Describing and Interpreting Data

The manner in which you analyze data depends on the type of data/variables that you are evaluating. There are several different classifications that are used in classifying data.

Variable

  • A variable is an item of data
  • Examples of variables include: quantities such as gender, test scores, and weight; the value of these quantities vary from one observation to another.

Types/Classifications of Variables

  • Qualitative
  • Quantitative

Discrete

Continuous

Qualitative Data

  • This data describes the quality of something in a non-numerical format.
  • Counts can be applied to qualitative data, but you cannot order or measure these type of variables. Examples are gender, marital status, geographical region of an organization, job title….
  • Qualitative data is usually treated as Categorical Data.

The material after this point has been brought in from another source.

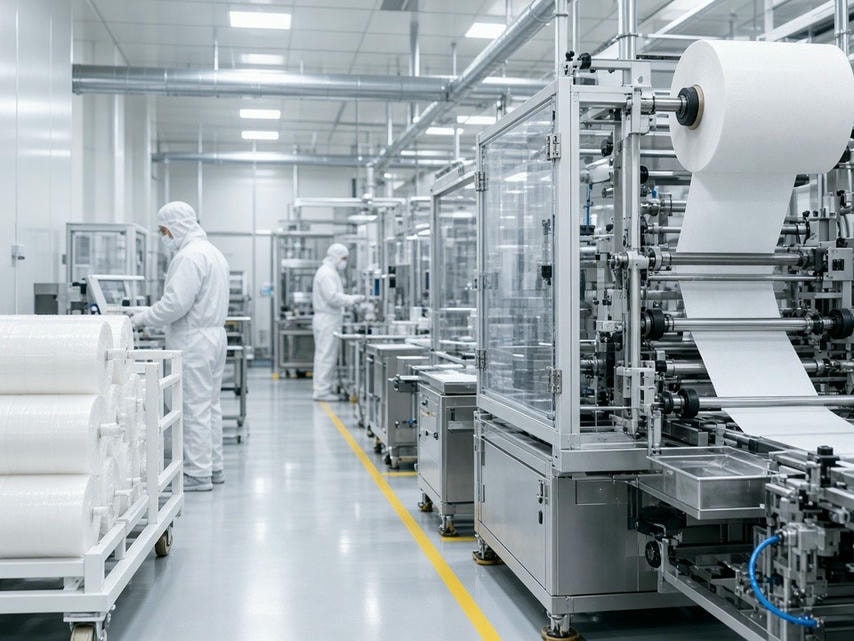 Instalaciones de Producción en China: Red de Suministro | CleanroomLink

With categorical data, the observations can be sorted according into non-overlapping categories or by characteristics. For example, shirts can be sorted according to color; the characteristic 'color' can have non-overlapping categories: white , black, red, etc. People can be sorted by gender with categories male and female. Categories should be chosen carefully since a bad choice can prejudice the outcome. Every value of a data set should belong to one and only one category.

  • Analyze qualitative data using:

Frequency tables

Modes - most frequently occurring

Graphs: Bar Charts and Pie Charts

Quantitative Data

  • Quantitative or numerical data arise when the observations are frequencies or measurements.
  • The data are said to be discrete if the measurements are integers (e.g. number of employees of a company, number of incorrect answers on a test, number of participants in a program…)
  • The data are said to be continuous if the measurements can take on any value, usually within some range (e.g. weight). Age and income are continuous quantitative variables. For continuous variables, arithmetic operations such as differences and averages make sense.

Analysis can take almost any form:

Create groups or categories and generate frequency tables.

All descriptive statistics can be applied.

Effective graphs include: Histograms, Stem-and-Leaf plots, Dot Plots, Box plots, and XY Scatter Plots (2 variables).

  • Some quantitative variables can be treated only as ranks; they have a natural order, but these values are not strictly measured. Examples are: 1) age group (taking the values child, teen, adult, senior), and 2) Likert Scale data (responses such as strongly agree, agree, neutral, disagree, strongly disagree). For these variables, the distinction between adjacent points on the scale is not necessarily the same, and the ratio of values is not meaningful.

Analyze using:

Frequency tables

Mode, Median, Quartiles

  • Graphs: Bar Charts, Dot Plots, Pie Charts, and Line Charts (2 variables)

Tables and Graphs

Note Excel will create any graph that you specify, even if the graph that you select is not appropriate for the data. Remember - consider the type of data that you have before selecting your graph.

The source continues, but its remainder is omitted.